Unbegleitete minderjährige Flüchtlinge (UMF) sind oft monatelange in Bundesbetreuungseinrichtungen untergebracht, dies widerspricht der österreichischen Verfassung, wonach das Kindeswohl in allen behördlichen Maßnahmen vorrangig zu berücksichtigen und die Jugendfürsorge Länderkompetenz ist, so die KJA. Aufgrund massiver Versorgungsmängel in den Ländern können die Fluchtwaisen oft nicht weitervermittelt werden. Sie bleiben fünf bis sieben Monate in den Bundesbetreuungseinrichtungen. Während dieser Zeit haben sie keinen Obsorgeberechtigten, kritisierte die KJA. Da die vorübergehende Unterbringung keinen dauerhaften Wohnsitz darstellt, ist es den Jugendlichen kaum möglich, eine Schul- oder Berufsausbildung zu beginnen.

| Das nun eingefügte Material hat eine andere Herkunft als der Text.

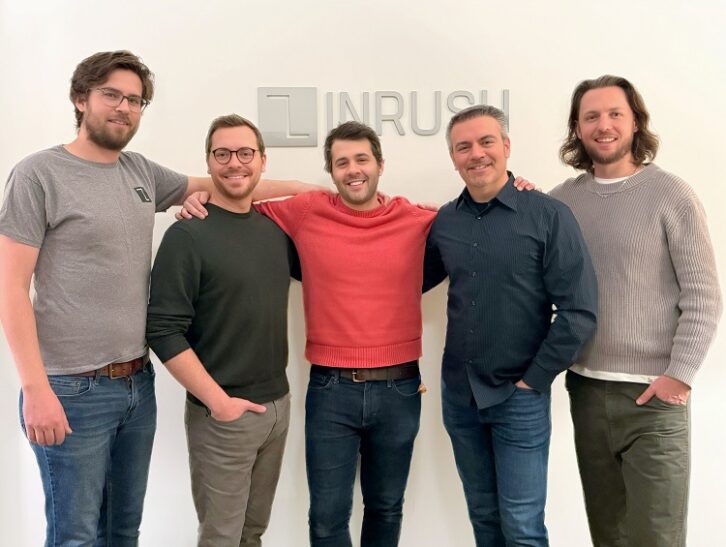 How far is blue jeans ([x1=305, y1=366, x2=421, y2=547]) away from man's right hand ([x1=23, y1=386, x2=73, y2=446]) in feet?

Kaum pädagogische Angebote
Laut dem Bericht lebten im November 2022 rund 1.200 Fluchtwaisen in Bundesbetreuungsquartieren, die allesamt Großeinrichtungen mit inadäquatem Personalschlüssel sind. Es fehlt an pädagogischer Betreuung, an Bildungs- und Freizeitangeboten. Der geringe Personalschlüssel in Kombination mit mangelnder Tagesstruktur der Minderjährigen führt zu höherem Gewalt- und Eskalationsrisiko. Zu Recht beschreiben die Jugendlichen den Aufenthalt in den Einrichtungen als vergeudete Lebenszeit, berichtete die KJA. Sie sind demnach hoch motiviert zu lernen und zu arbeiten, aber zum Warten auf unbestimmte Zeit gezwungen. In Bundesquartieren kommen auf einen Betreuer 8,9 Minderjährige, in Landesquartieren 1,4 Betreute auf einen Betreuer und in Wohngemeinschaften gibt es für jeden Minderjährigen im Schnitt zwei Betreuer.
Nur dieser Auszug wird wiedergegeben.